### Aim of the exercise:
Although the data below holds other lines too, output only those from the line with "Now I want you" up to and including the line with "The ear canal", exactly as they appear.

### Exercise input:
- Opening Delimiter -

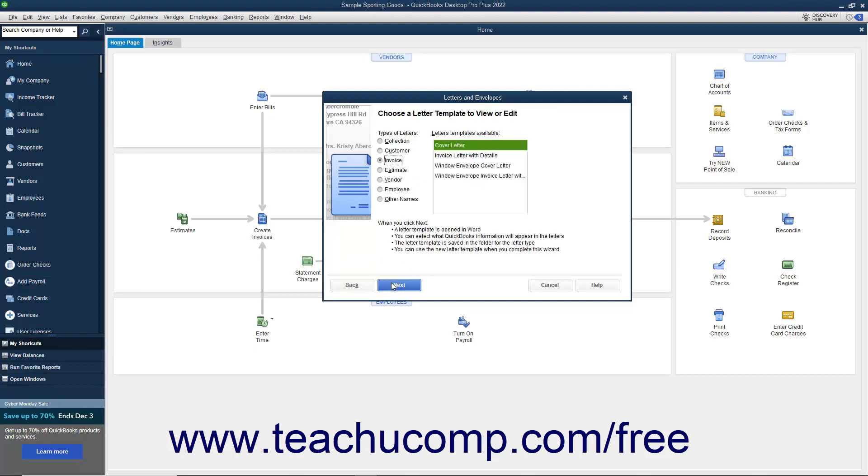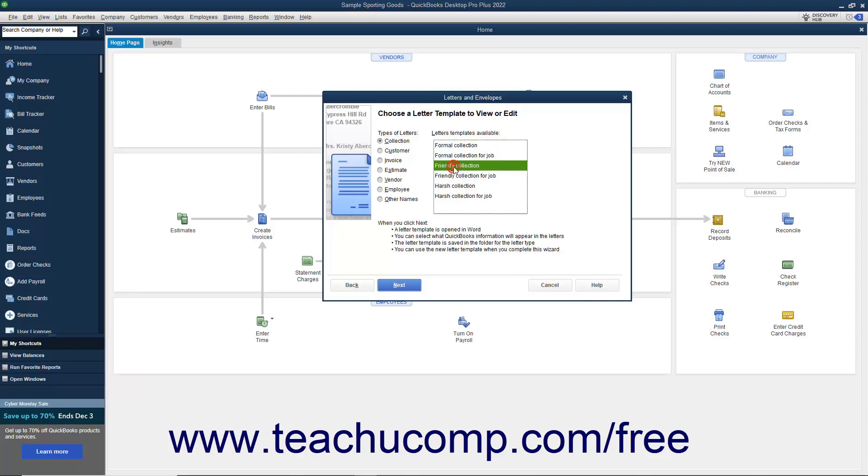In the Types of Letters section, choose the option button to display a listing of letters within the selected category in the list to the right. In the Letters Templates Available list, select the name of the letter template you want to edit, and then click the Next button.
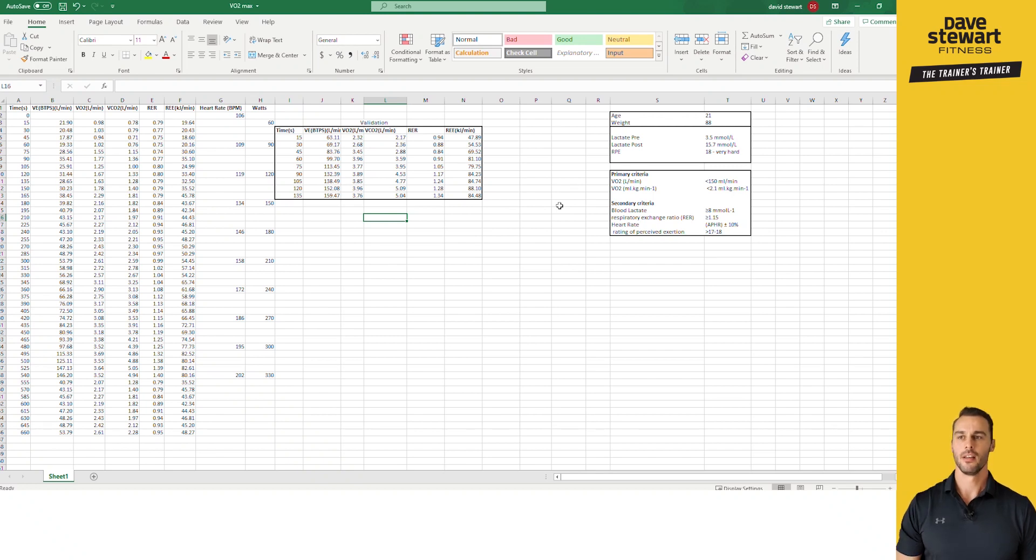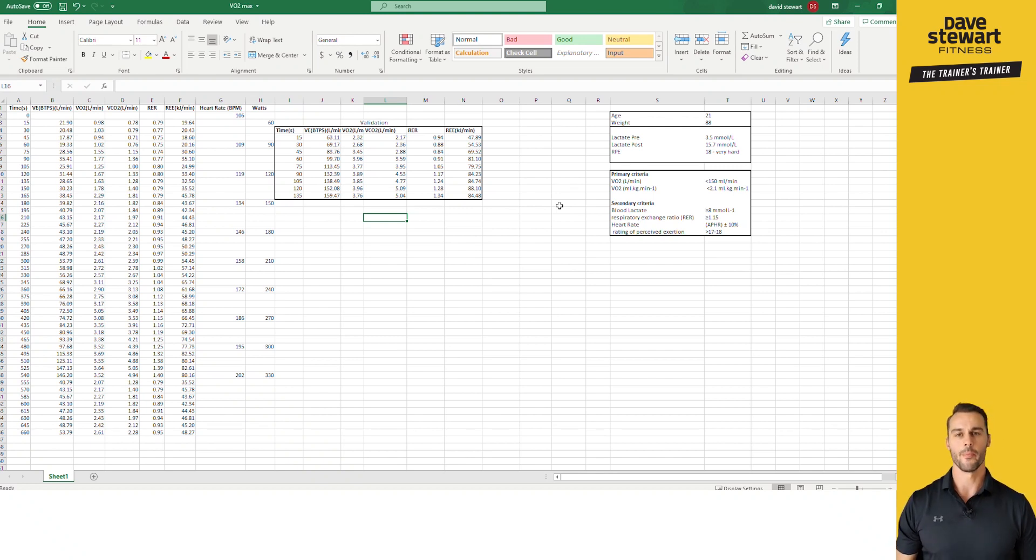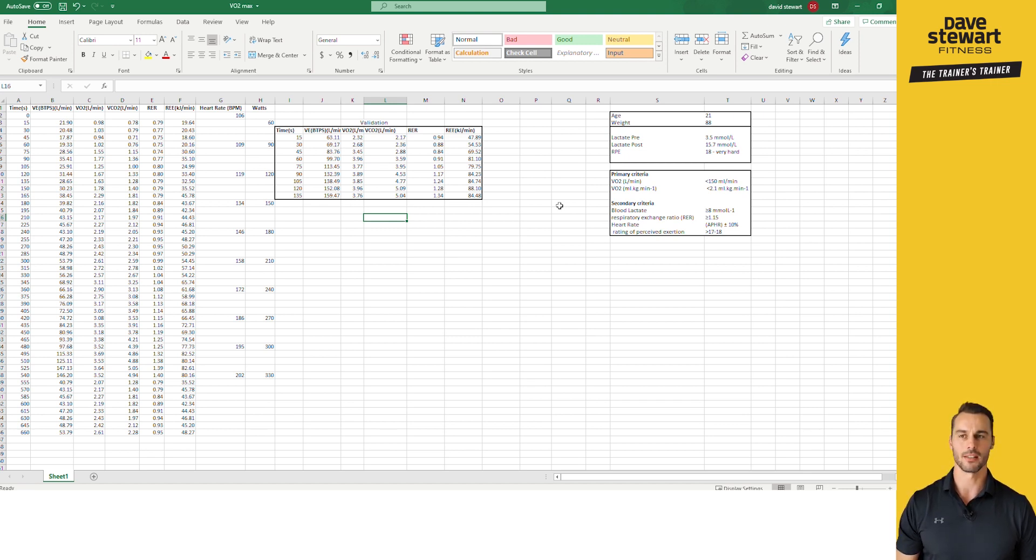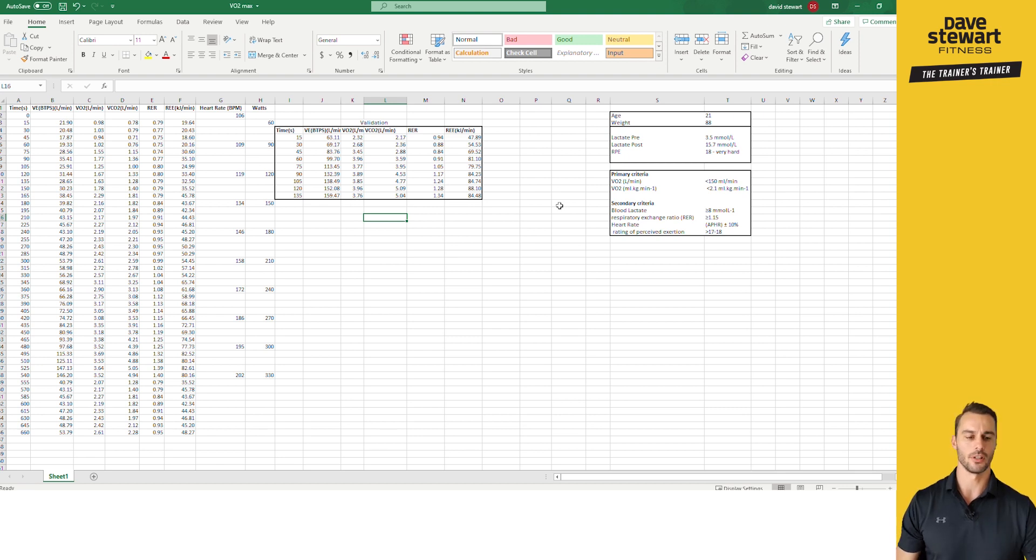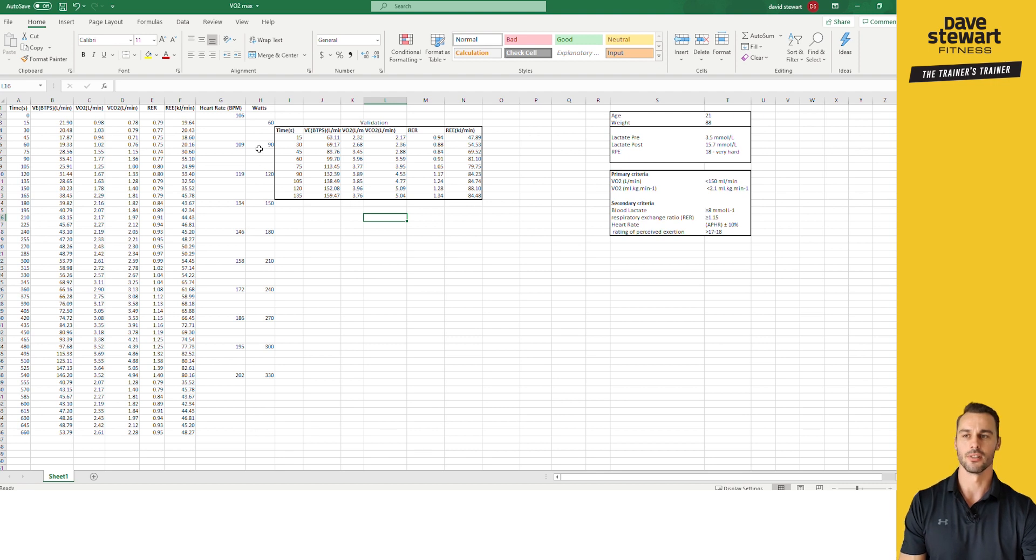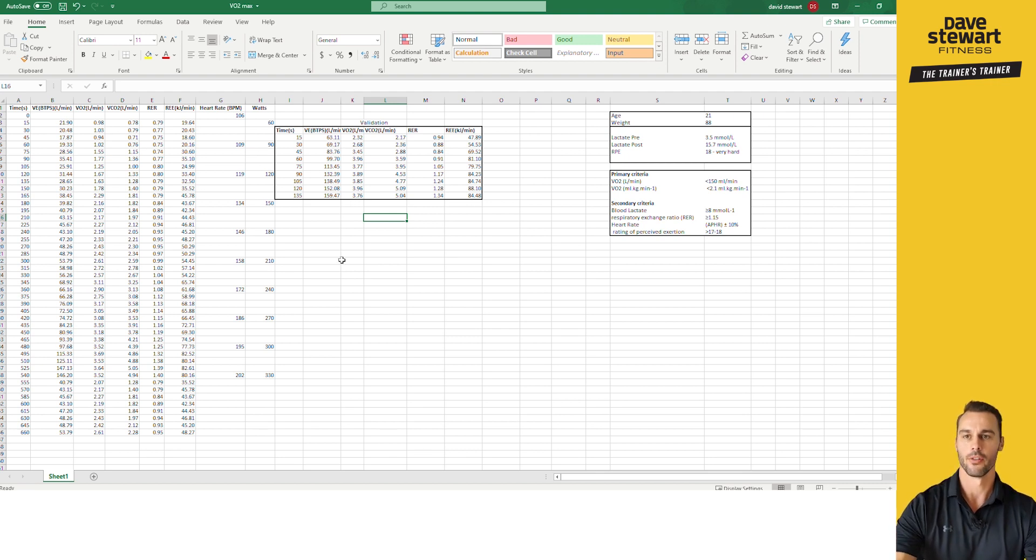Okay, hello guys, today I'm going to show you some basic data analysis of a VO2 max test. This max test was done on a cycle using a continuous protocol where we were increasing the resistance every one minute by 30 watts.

- Closing Delimiter -
- Opening Delimiter -

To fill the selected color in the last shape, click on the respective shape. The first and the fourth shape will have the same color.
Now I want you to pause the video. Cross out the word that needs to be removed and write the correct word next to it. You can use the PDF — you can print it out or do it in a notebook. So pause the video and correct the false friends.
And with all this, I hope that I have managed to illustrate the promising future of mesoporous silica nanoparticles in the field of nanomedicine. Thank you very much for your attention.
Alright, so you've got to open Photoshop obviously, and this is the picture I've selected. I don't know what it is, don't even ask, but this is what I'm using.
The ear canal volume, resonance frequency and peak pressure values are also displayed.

- Closing Delimiter -

### Solution for this problem:
Now I want you to pause the video. Cross out the word that needs to be removed and write the correct word next to it. You can use the PDF — you can print it out or do it in a notebook. So pause the video and correct the false friends.
And with all this, I hope that I have managed to illustrate the promising future of mesoporous silica nanoparticles in the field of nanomedicine. Thank you very much for your attention.
Alright, so you've got to open Photoshop obviously, and this is the picture I've selected. I don't know what it is, don't even ask, but this is what I'm using.
The ear canal volume, resonance frequency and peak pressure values are also displayed.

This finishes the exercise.